Clark described the development of technologies ‘of manipulation at a distance – what he called ‘telechirics’ (a term that Chamayou appropriates for his own purposes, from the Greek tele meaning ‘distance’ and kheir meaning ‘hand’) – so that people no longer had to expose themselves to danger to earn a living: from the extremes of outer space, exposure to nuclear radiation and deep ocean exploration to more mundane, everyday projects like fire-fighting, tunnelling, or mining.
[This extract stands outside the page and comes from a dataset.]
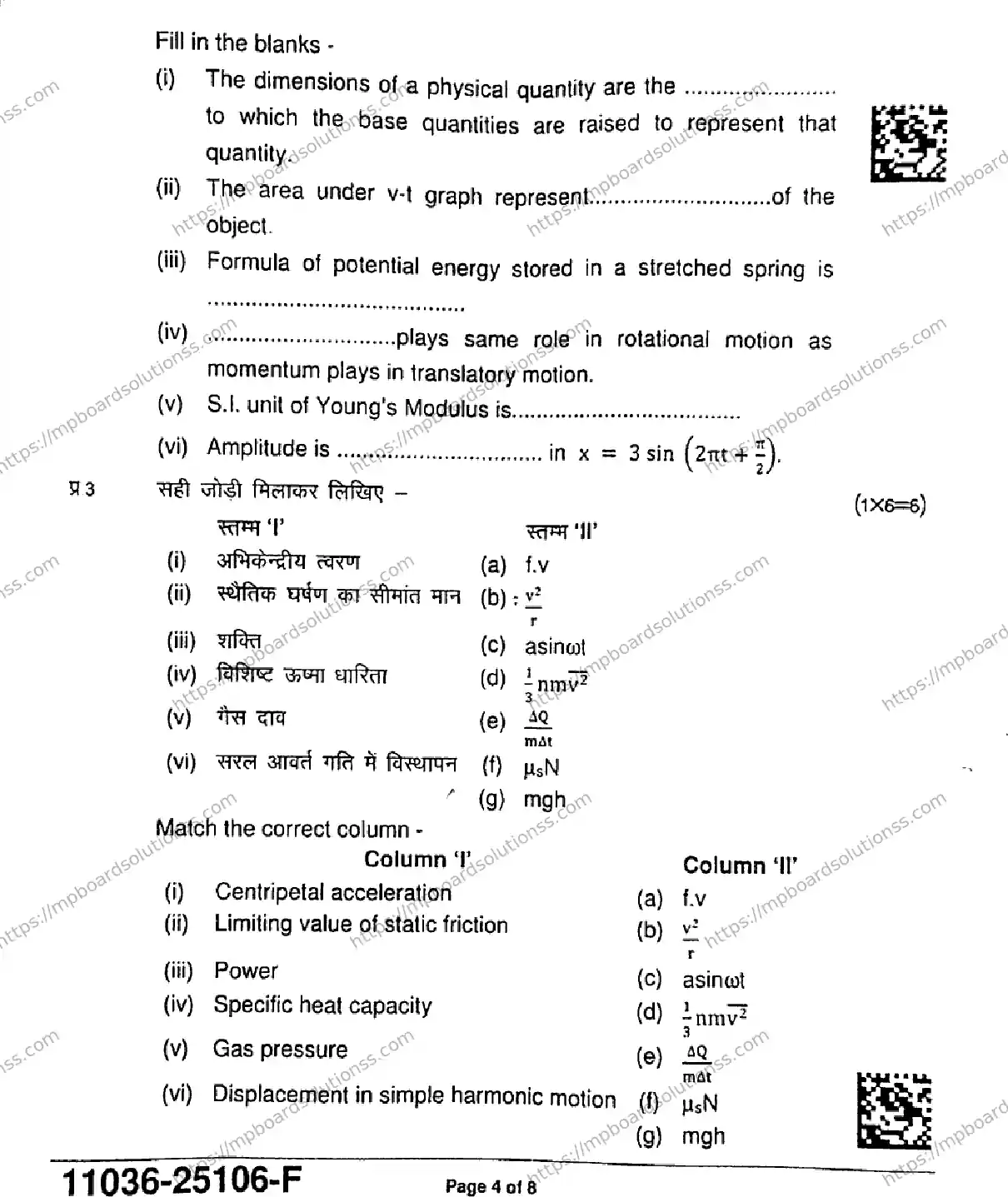MP Board Class 11 Physics-750103 Final Paper 2025 Image 4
The key advance was the use of ‘a vehicle operating in the hostile environment under remote control by a man in a safe environment’.

Clark emphasised the remoteness – ‘there is no direct connection between the operator and his machine’ – because in his view the system depended on the capacity of the human operator ‘to “identify himself” with his remotely-controlled machine, even though it may be completely non-anthropomorphic in appearance and configuration’. In effect, Clark wrote, ‘his consciousness is transferred to an invulnerable mechanical body’ which implies, in turn, that ‘systems of this type are no substitutes for human judgment’. (For this reason, while Clark believed that a ‘telechiric system’ could be provided with a variety of sensors, vision – ‘by far our most valuable sense’ – was typically provided through a single-channel, closed-circuit television system). Indeed, the capacity for judgment is enhanced by partitioning space, as Chamayou notes, placing the operator in a ‘safe zone’ outside the ‘danger zone’.  The danger zone is a site of surveillance and intervention (‘by a cable or by a radio-link’), Chamayou underlines, but not a site of habitation.

It’s not difficult to see how these propositions can be carried over to the use of  combat drones.  Interestingly, Clark had been employed by the Hughes Aircraft Company where he originally developed his ideas on ‘remote handing’ (what he then called mobotry). He had noted that ‘the electronic techniques which have been developed in recent years, primarily in connection with guided missiles and radar, are finding increasing application in connection with remotely controlled systems for accomplishing physical operations within areas which are uninhabitable due to the presence of a hostile environment’, and in the closing section of the research paper he noted that ‘a remotely-controlled street-sweeper employing television for guiding and steering and a simple frequency coded command system has recently completed successful tests.’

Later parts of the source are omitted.